In the entries below, begin at the line that has "2026普通高等学校招生全国统一考试冲刺押题卷(六)6各科试题及答案(已更新生物(HBJ) 物理 化学等15份)", stop after the line that has "市场有多少品牌pos机，市场有多少品牌pos机？", and output those lines exactly with no pictures.

• [DATA TO PROCESS]
+ + + + + + +
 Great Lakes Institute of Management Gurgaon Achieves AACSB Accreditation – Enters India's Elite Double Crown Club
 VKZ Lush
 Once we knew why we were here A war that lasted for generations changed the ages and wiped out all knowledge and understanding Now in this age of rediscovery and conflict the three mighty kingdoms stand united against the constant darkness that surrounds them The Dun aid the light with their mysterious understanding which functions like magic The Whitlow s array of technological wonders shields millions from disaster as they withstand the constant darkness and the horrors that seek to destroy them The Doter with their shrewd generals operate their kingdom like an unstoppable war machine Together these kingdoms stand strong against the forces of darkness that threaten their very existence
+ + + + + + +
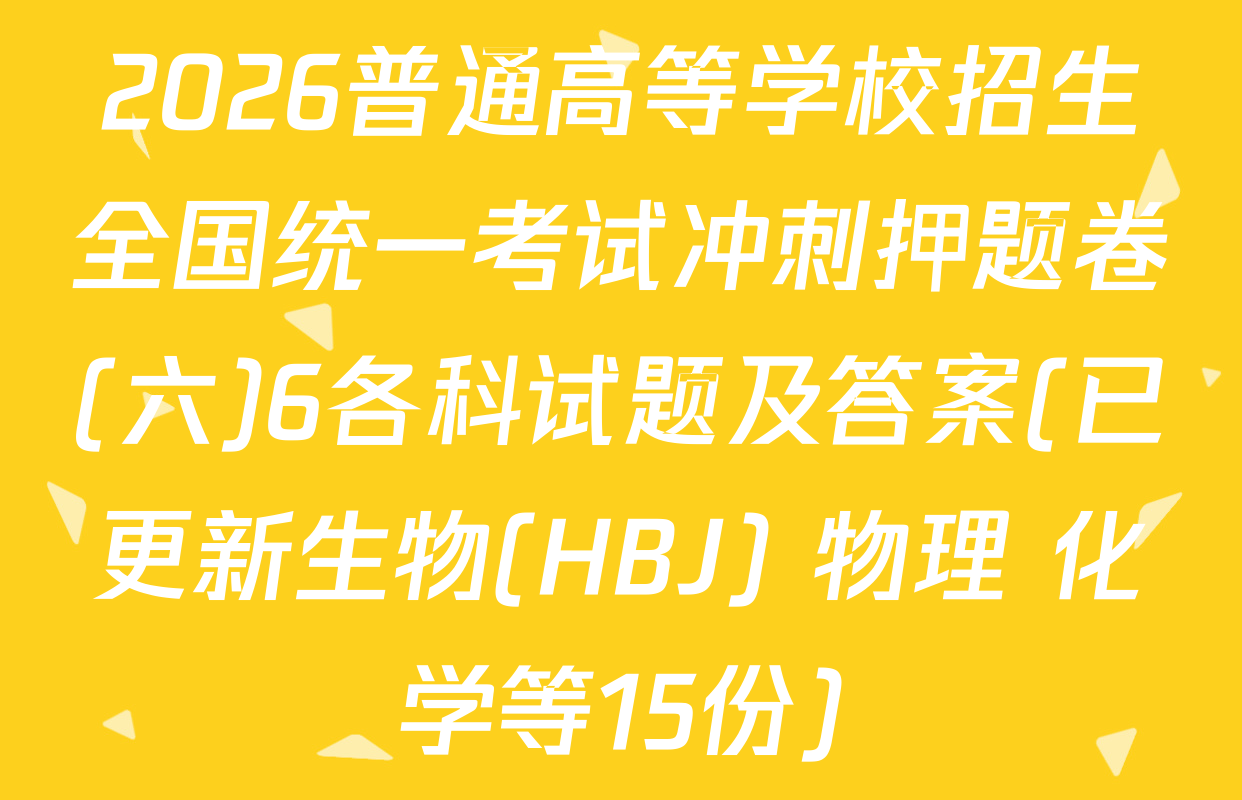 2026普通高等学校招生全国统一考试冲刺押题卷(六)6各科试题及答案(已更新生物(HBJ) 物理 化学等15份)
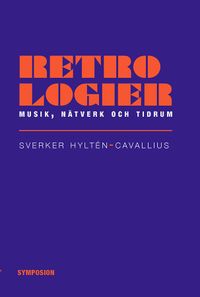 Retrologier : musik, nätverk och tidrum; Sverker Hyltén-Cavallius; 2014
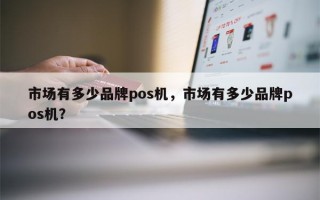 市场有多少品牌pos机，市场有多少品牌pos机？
+ + + + + + +
• [ANSWER FOR THIS EXERCISE]
 2026普通高等学校招生全国统一考试冲刺押题卷(六)6各科试题及答案(已更新生物(HBJ) 物理 化学等15份)
 Retrologier : musik, nätverk och tidrum; Sverker Hyltén-Cavallius; 2014
 市场有多少品牌pos机，市场有多少品牌pos机？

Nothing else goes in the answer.